- **Prompt**
Copy the records below exactly, starting at the line that contains "Judy Blue Tried" and ending at the line that contains "8 Ayar Favori Marka Çocuk Model Küpe"; leave out any pictures.

- **Available records**
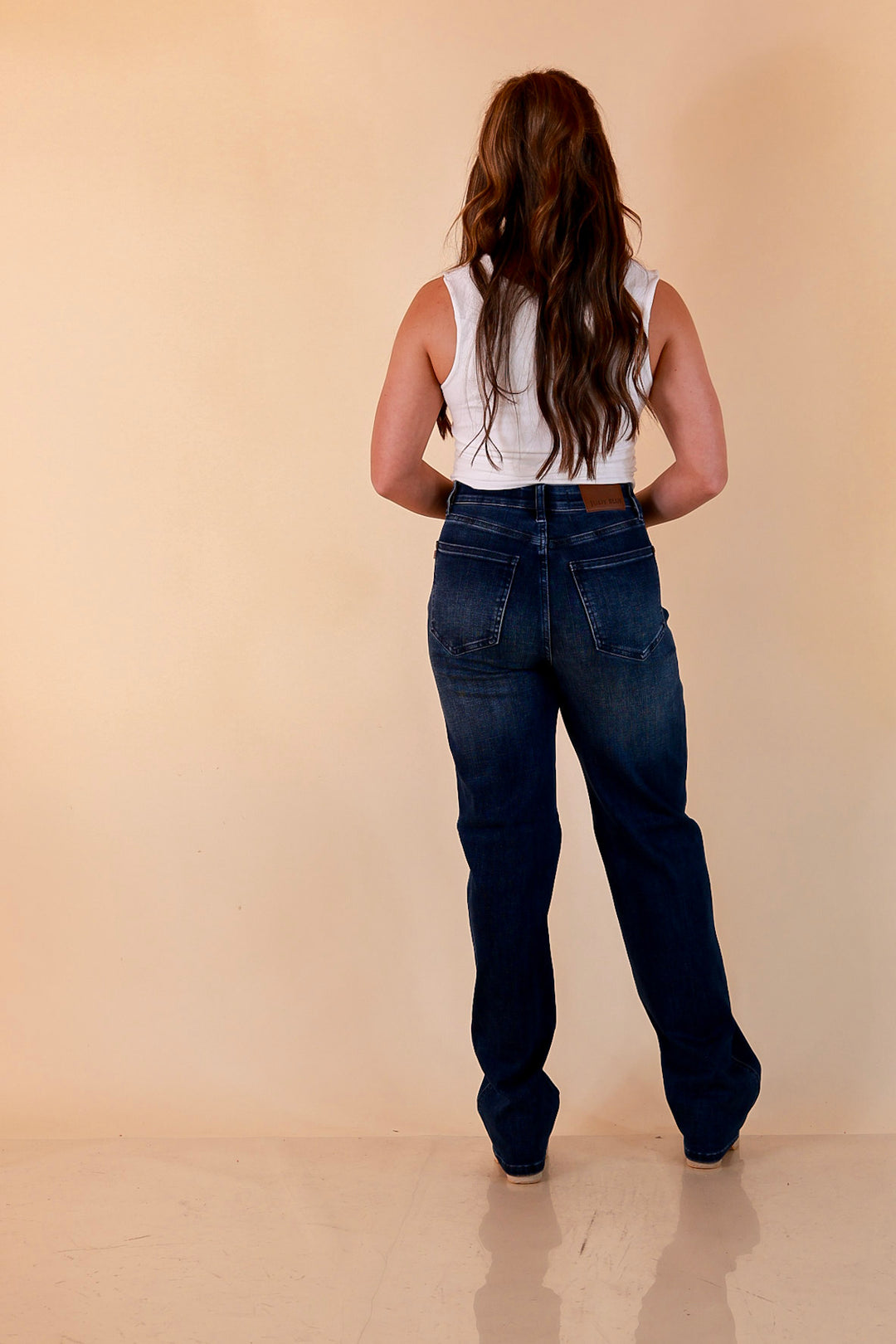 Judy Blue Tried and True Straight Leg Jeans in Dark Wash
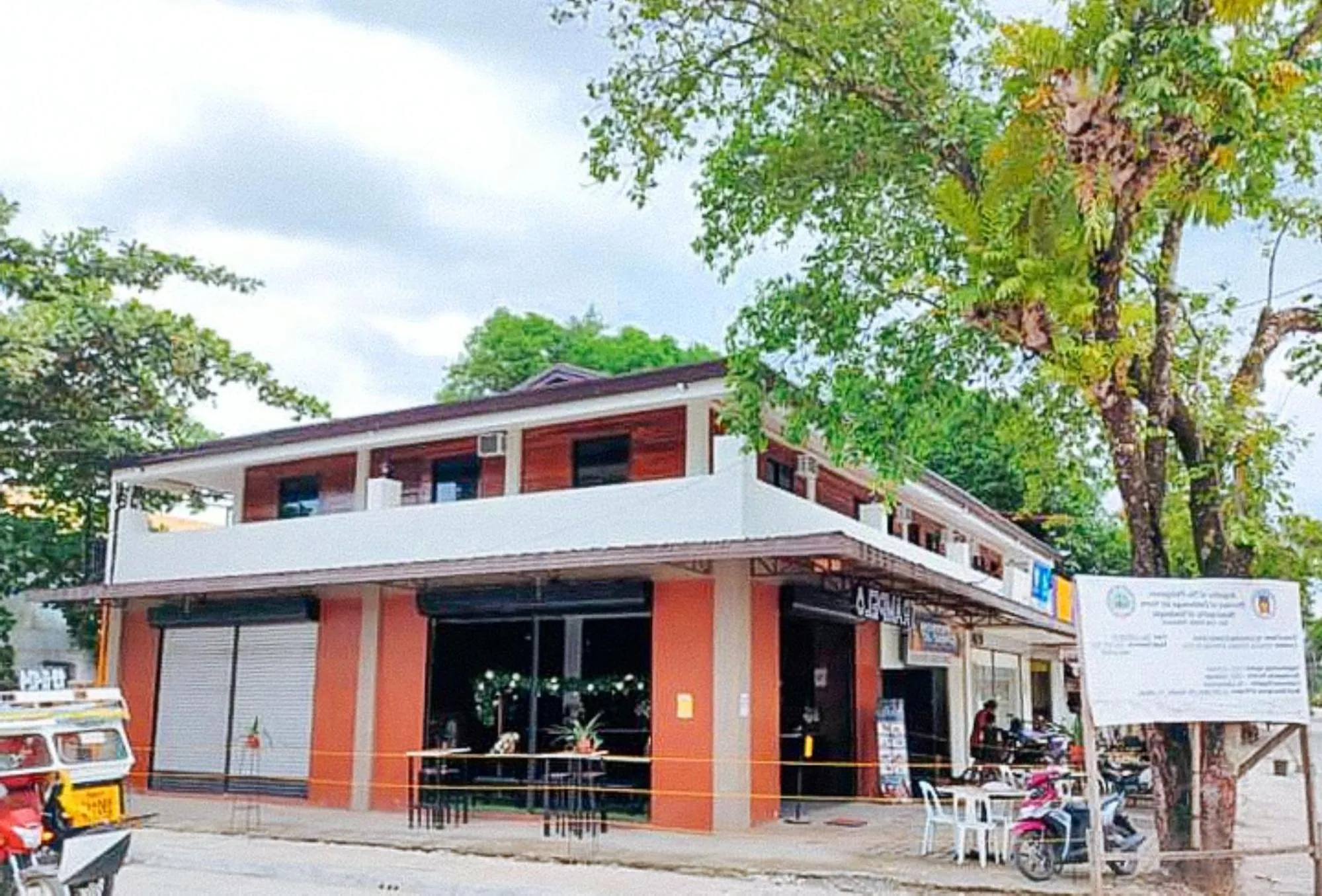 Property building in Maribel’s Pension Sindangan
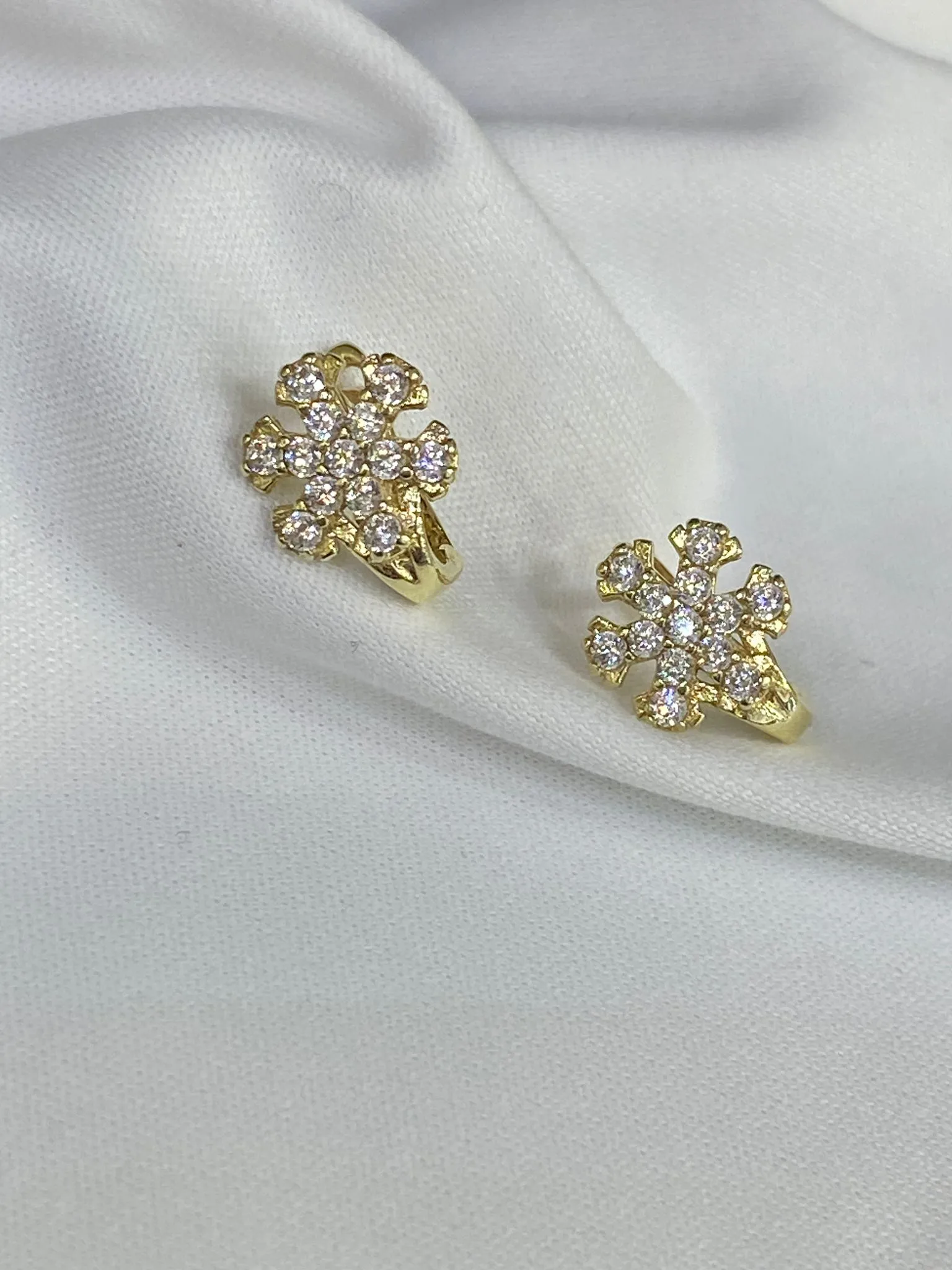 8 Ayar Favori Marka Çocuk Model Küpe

---

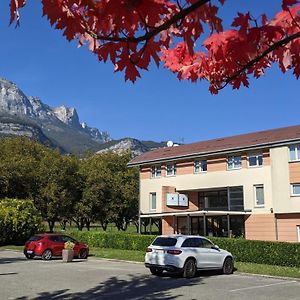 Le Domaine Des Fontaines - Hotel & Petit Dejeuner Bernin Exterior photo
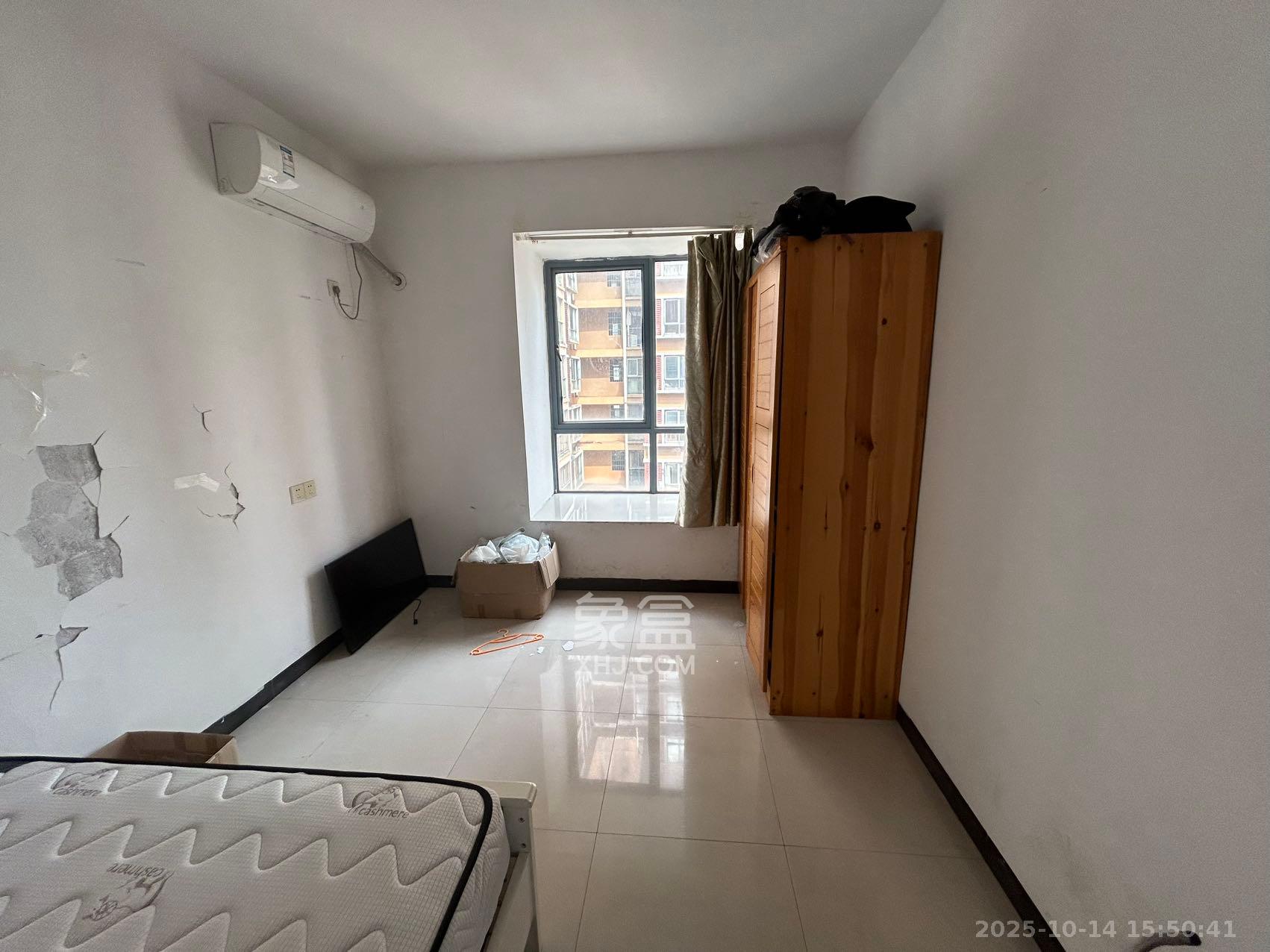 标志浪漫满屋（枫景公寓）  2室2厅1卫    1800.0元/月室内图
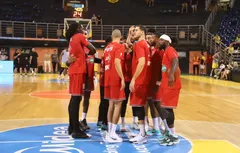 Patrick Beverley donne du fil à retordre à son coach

==

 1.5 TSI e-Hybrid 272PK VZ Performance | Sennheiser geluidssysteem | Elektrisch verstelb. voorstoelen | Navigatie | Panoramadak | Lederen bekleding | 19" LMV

- **Answer space**
 Judy Blue Tried and True Straight Leg Jeans in Dark Wash
 Property building in Maribel’s Pension Sindangan
 8 Ayar Favori Marka Çocuk Model Küpe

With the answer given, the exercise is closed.